Let $a$, $b$, $x$ and $y$ be integers such that $$a^x-b^y=(ab)^{x-y}.\tag{1}$$ The case $ab=0$ is mostly a matter of conventions and some cumbersome casework. So I'll assume that $a$ and $b$ are nonzero. First I'll cover a few special cases:
Special case 1: If $x=y$ then $(a,b,x,y)$ is either $$(2,-2,-1,-1)\qquad\text{ or }\qquad (a,a-1,1,1),$$ for some integer $a$.

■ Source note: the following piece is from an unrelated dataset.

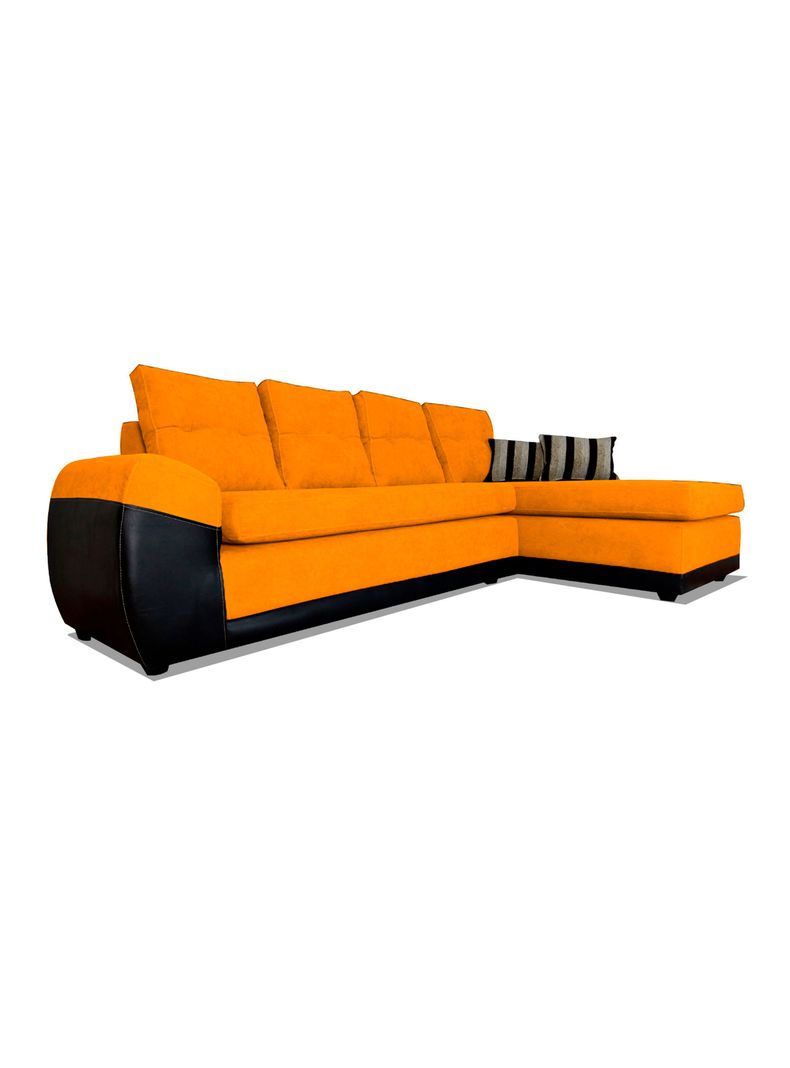 Sofá Seccional Houston Tela 5C Chaise Derecho-2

Proof. If $x=y$ then $(1)$ simplifies to $$a^x-b^x=(ab)^{x-x}=(ab)^0=1.$$ Clearly $x=0$ does not yield any solutions. Two nonzero perfect powers cannot differ by $1$, so we see that $x\leq1$. If $x=1$ then $b=a-1$ yields a solution $(a,b,x,y)=(a,a-1,1,1)$. If $x<0$ then we can clear denominators and rearrange to get $$(a^{-x}-1)(b^{-x}+1)=-1.$$ Because $ab\neq0$ it follows that $a^{-x}=2$ and $b^{-x}=-2$, yielding the solution $(a,b,x,y)=(2,-2,-1,-1)$.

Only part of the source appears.